I have a dear friend I’ll call Molly. Our friendship goes back about two decades, in which we’ve seen each other through a lot of good times and bad. Just a few weeks ago, Molly lost her beloved Maltese mix to the ravages of age and illness. She was devastated. She lives in another state, but we had a long talk on the phone after his passing, talking about her little heart-dog and all he had meant to her.
Molly still had her other dog, a mid-size female mixed breed, but she felt a huge void in her life, and almost immediately she was ready to bring home a new canine companion. Of course, she knows I’m involved with dog rescue via my group, Southpaws Express. She asked if I’d keep an eye open for a dog for her to adopt.
I was so thrilled and honored that I was practically breathless! I knew whichever dog was lucky enough to land up with Molly would be getting the kind of home doggie dreams are made of. I started scouring the shelters for candidates.
Molly wanted a young small-breed female dog with a longer coat. She had certain breeds on her short list. I sifted through the listings on Pet Harbor in several shelters near her (I could arrange transport if we found the right dog).
I saw quite a few dogs that met her specs, but I sent her the listing for one puppy who really resonated with me who I felt would be a great match. The photo showed a little Yorkie mix, about 6 months old, with a friendly, bright-eyed expression. She was jumping up inquisitively toward the picture-taker.
Days passed and I didn’t hear from Molly. I didn’t want to pressure her, but I wished she’d give me some feedback.
Then I spoke on the phone to a mutual connection who broke the news that Molly had gone to a local pet store and purchased a “designer” mixed-breed puppy.
My heart plummeted straight into the bottom of my stomach and sloshed into a sick feeling that has remained there ever since.
Animal welfare is one of my passions, and I’ve dedicated much of my life to it, so Molly’s decision hurt on a very personal level. I’m an advocate for shelter dogs in particular, and a proponent of dog rescue. I try to live by example, having happily surrounded myself with my own pack of well-adjusted rescued dogs. I’ve volunteered and worked in the field. And I even started up a rescue group to help more shelter dogs.
But when I call myself an advocate, mostly I mean that I talk about these issues — a lot. I talk on Dogster and social media. I talk to people at adoption events.
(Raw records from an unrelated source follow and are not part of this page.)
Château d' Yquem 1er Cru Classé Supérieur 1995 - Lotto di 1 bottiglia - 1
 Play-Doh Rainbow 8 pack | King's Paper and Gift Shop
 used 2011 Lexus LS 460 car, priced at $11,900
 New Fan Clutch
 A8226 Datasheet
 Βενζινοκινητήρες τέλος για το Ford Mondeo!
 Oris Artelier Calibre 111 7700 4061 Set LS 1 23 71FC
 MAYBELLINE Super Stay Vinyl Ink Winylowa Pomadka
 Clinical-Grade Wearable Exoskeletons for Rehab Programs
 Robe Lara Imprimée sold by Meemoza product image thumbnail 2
I talk to their kids too. I talk to co-workers and acquaintances and people I meet on airplanes when I go on vacation.
So this was a disheartening moment. What have I been talking about all these years and why did I bother? If one of my own closest friends does not listen to me, how would I possibly expect to have made a difference to strangers on the Internet, or any of those other circumstances? I felt like such a failure.
It was disheartening beyond the personal level, too, though. Rather, as just one example of a typical person making this choice. Molly is a mature, intelligent woman. I am quite sure that she’s aware puppies sold at retail stores are the products of puppy mills, even if the shop employees are trained to say otherwise or give oblique answers to the question. I think she understands that no decent breeder who cares about the welfare of his puppies would ever turn them over to a broker or a retailer, to be sold to anyone with a credit card. And I’m sure Molly recognizes that her dollars went to support and perpetuate the abusive system of puppy mills.
Instead, she could have saved that adorable Yorkie puppy, or one of the others wishfully awaiting a good home. Indeed, that would have been two lives saved; the Yorkie, and the next dog dropped off at that shelter — because there would be a kennel space available for that dog. This was a high-volume shelter in Alabama that has to euthanize dogs due to overcrowding, so that kennel space makes the difference between life and death.
So, why did Molly buy the pet-store puppy? I know the “reasons” — I’ve heard them all. There are so many excuses and rationalizations. I think in her case, it has to do with a combination of raw grief, overdrive emotion, impulse, and the desire for instant gratification.
Be that as it may, Molly has her puppy now, and I have no doubt she will give him a great life and the best of care. And she’ll never say she regrets getting him; no one with a heart would say that about her pet.
The lesson for me, perhaps, is a reminder to stay focused upon the big picture. It is true that while Molly’s purchase contributed to the puppy mill industry, it does not make or break it. And her “non-adopt” may have contributed to the death of one or more shelter dogs, but it doesn’t create the entire shelter crisis. If she had adopted, it wouldn’t have solved the whole crisis, either.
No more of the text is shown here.